Goal of the exercise
Exactly the lines from the one containing "White Plastic 3.5" through the one containing "Vintage LED-Stehleuchte mit Holzgestell" in the listing below are to be copied, with the pictures left out.

Exercise inputs
------------------------------------------------------------

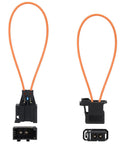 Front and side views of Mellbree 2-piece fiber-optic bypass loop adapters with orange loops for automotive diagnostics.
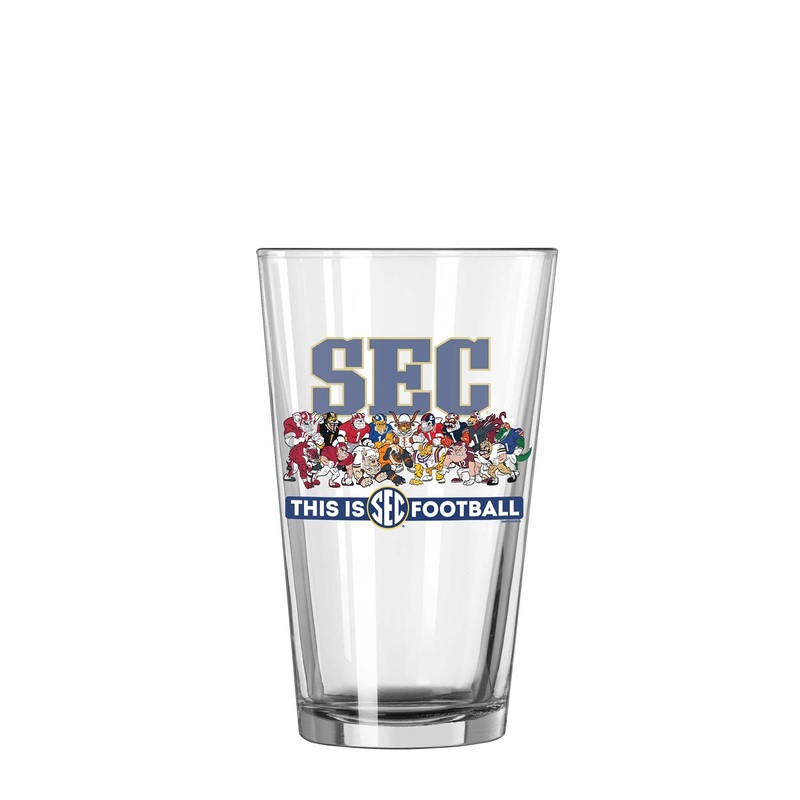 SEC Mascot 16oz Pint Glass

------------------------------------------------------------

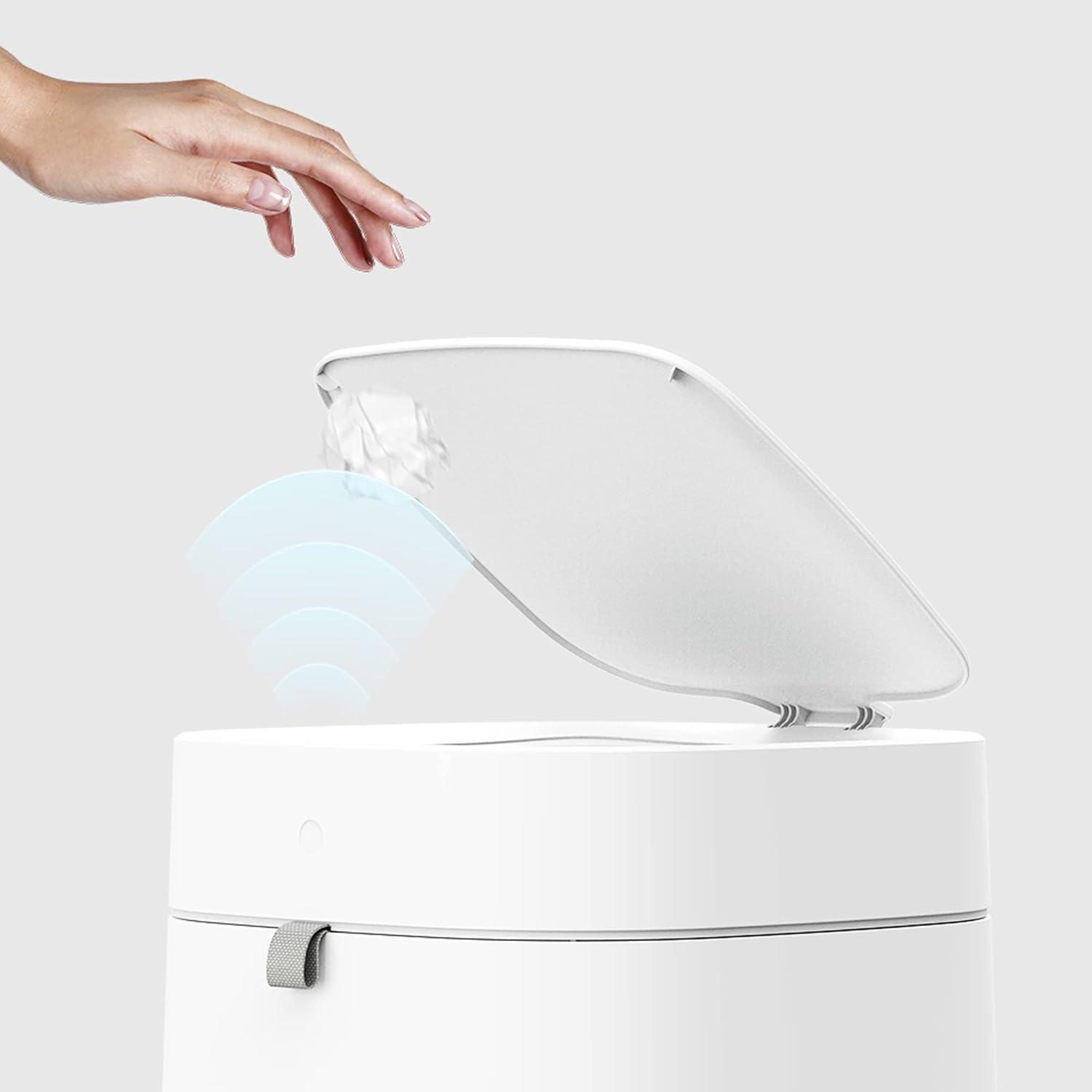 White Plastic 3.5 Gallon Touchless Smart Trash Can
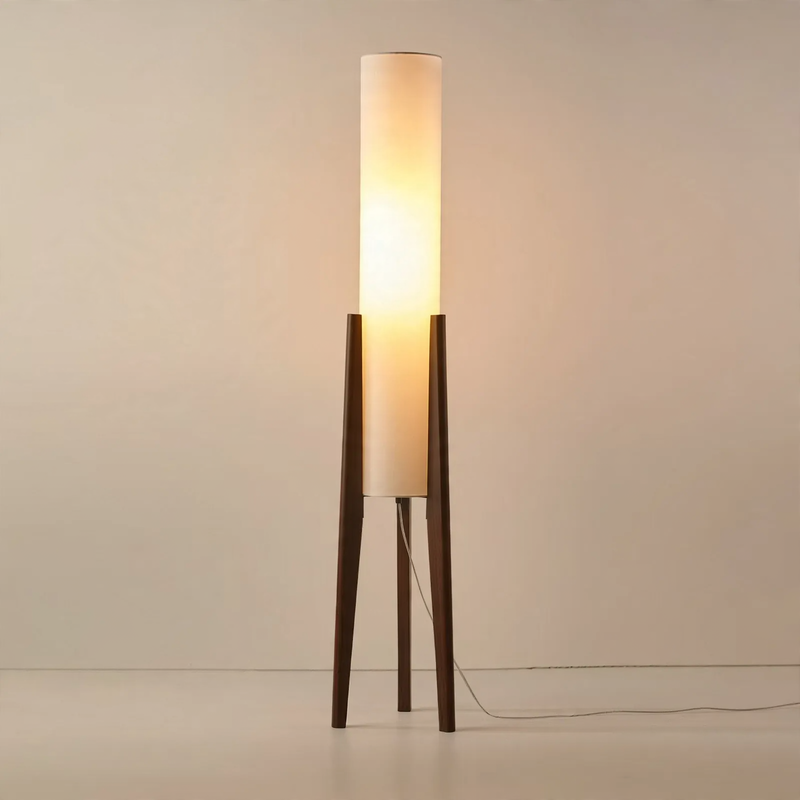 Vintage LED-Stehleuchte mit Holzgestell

------------------------------------------------------------

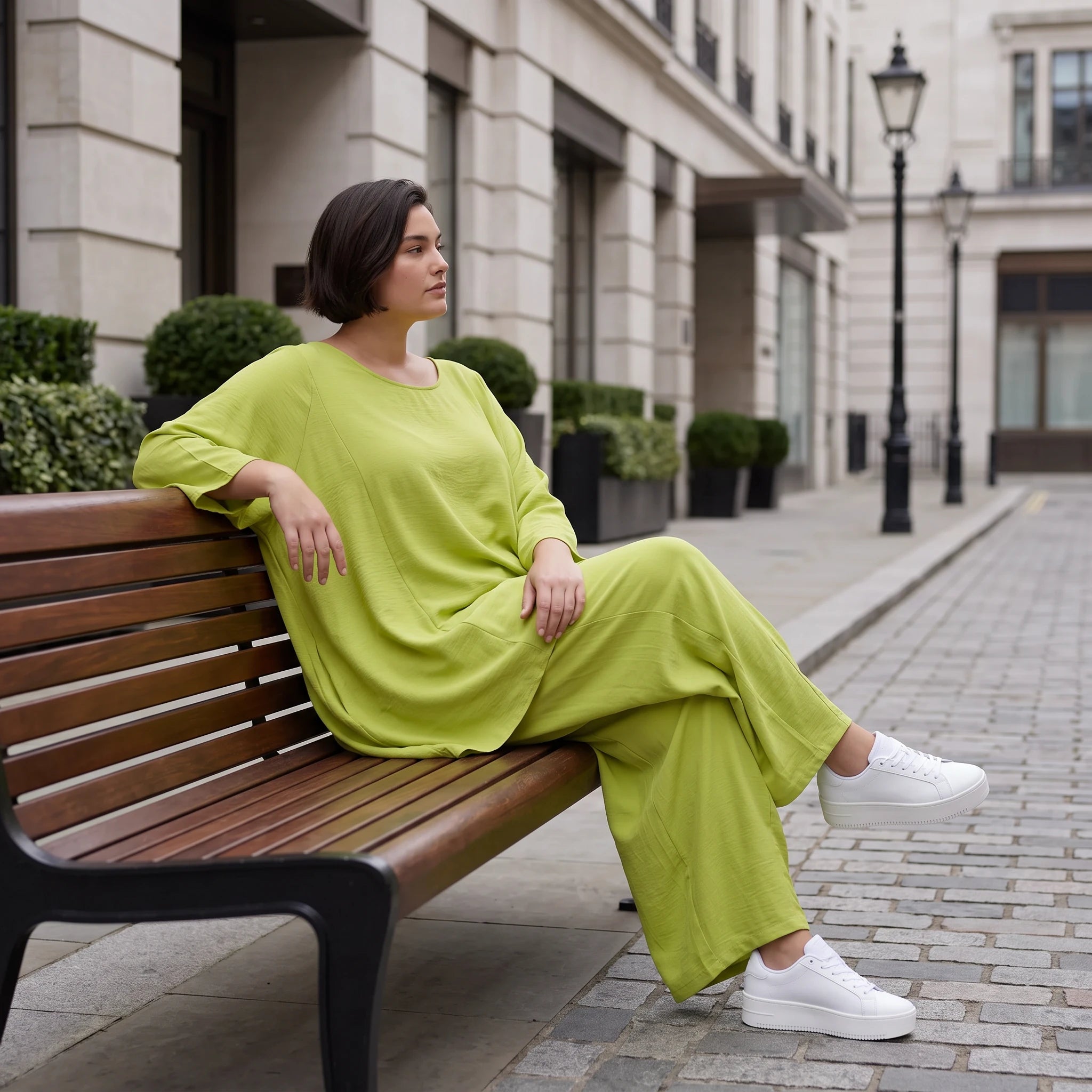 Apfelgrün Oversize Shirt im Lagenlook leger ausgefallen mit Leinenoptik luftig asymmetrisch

------------------------------------------------------------

Response below
 White Plastic 3.5 Gallon Touchless Smart Trash Can
 Vintage LED-Stehleuchte mit Holzgestell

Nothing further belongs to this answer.